Regarding American political life, it cannot be understood without taking a conspiratorial view of, say, the assassination of JFK, as well as others. If that assassination was not the result of a conspiracy, i.e., was not planned for by persons for political purposes, then it was nothing more a random event, almost as if it were a traffic accident. And that’s how many Americans want to think about it. JFK and Lee Harvey Oswald, moving separately, ultimately met in Dallas, where they “ran into each other,” and JFK ended up dead. This is what “the lone gunman theory” of that crime meant and means. And it is a comforting theory, more comforting than if JFK was assassinated by the CIA, the Soviets, or Cubans who were protecting Castro from Kennedy’s attempts to have him assassinated. Such explanations are similar to those used to account for, say, the Vietnam War, which is said to have been “a quagmire” into which the US was dragged, almost against its will.
One reason such explanations are popular is because we Americans don’t want to think that not only are conspiracies a permanent part of political life, but that they often control our political life. We prefer to think that our political life is controlled by laws, elections, Supreme Court decisions, and outstanding individuals, e.g., “great presidents.” To think that conspiracies are key to determining our political life would require us to rethink things we take for granted as “common sense” or “conventional wisdom.” This would be a major task; one most people have no desire to undertake. Hence, they are quite content to think of “conspiracy theorists” as delusional, paranoid persons who live in fantasy worlds of their own creation. But it could be that in fact it is the rest of us who are living in a fantasy world, although not of our own making.

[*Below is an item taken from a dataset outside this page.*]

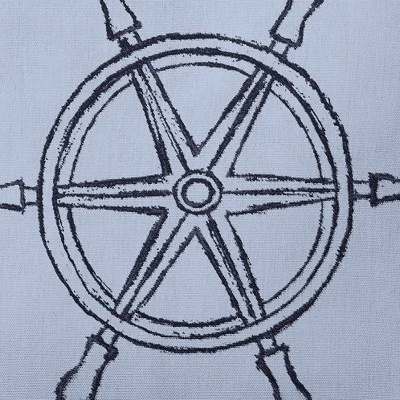 16"x16" Ship Wheel Nautical Square Throw Pillow - E By Design 3 16"x16" Ship Wheel Nautical Square Throw Pillow - E By Design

Aristotle wrote about political life as characterized by what he called “regimes.” That is, there are democratic regimes, oligarchic regimes, monarchical regimes, aristocratic regimes, and tyrannical regimes. These regimes are arrangements of power that reflect “the values” – as we say – of the most powerful. Democratic regimes rest on democratic values, values which are embraced by and motivate those who have them. So, democrats seek to maintain and fortify their democracy, and act in ways to accomplish that end. You may say that democrats will join together, act conspiratorially to maintain and fortify their democracy, whereas oligarchs will do the same. To see political life in terms of regimes is to see political life in terms of conspiracies. Machiavelli, famous as a conspiracy theorist, knew nothing about conspiracies that Aristotle didn’t know too. For both, conspiracies were the stuff of political life. Regimes can only be preserved or subverted by way of conspiracies, as Aristotle’s Politics and Machiavelli’s The Prince and The Discourses make clear.
Most Americans don’t think about political life in terms of regimes, as did Aristotle. Even Machiavelli downplayed their importance, without ever downplaying the centrality of conspiracies in political life. This points to the differences between Aristotle’s political teaching and Machiavelli’s political teaching. Whereas political life was animated by conflicting ideas of justice for Aristotle, for Machiavelli political life was animated by psychological forces – as we say – by different types of human beings that are not best described in political terms. For Machiavelli, there are essentially the ambitious few and the insecure many, rather than there being democrats, oligarchs, aristocrats, or tyrants. Machiavelli redefined political life by minimizing or rejecting concerns about justice as central. Questions of justice and injustice are, for Machiavelli, ultimately irrelevant when understanding or constructing republics or princedoms. For Machiavelli, the best political order is not defined as the most just political order, as it was for Aristotle; rather it is the most secure, the most stable, the most prosperous, the most powerful, and the one that secures “the general welfare” and does so over time, “for ourselves and our posterity.”
Despite these differences, however, Aristotle, like Machiavelli, saw political life as essentially conspiratorial. Democrats want a regime that is just as democrats understand justice, that is, as essentially egalitarian. But to achieve that goal, democrats join forces, conspiring against the oligarchs, the aristocrats, the monarchists, and the tyrants, while the latter are conspiring against the democrats. Appeals to justice are made. But the character of political life is not determined in the final analysis by such appeals. Rather, the character of political life, the character of any regime, is determined by conspiracies, i.e., covert and overt actions meant to secure and fortify the prevailing arrangements of power, whether democratic, oligarchic, aristocratic, monarchic, tyrannical. Because all arrangements of power are partial, all are unjust in some ways. Hence, all are unstable, even open to subversion. Democrats, oligarchs, aristocrats, monarchists, even tyrants must join forces, i.e., conspire to preserve their rule, their regime. And even the best regime, as Aristotle’s account of it in his Politics illustrates, would need to conspire to preserve itself.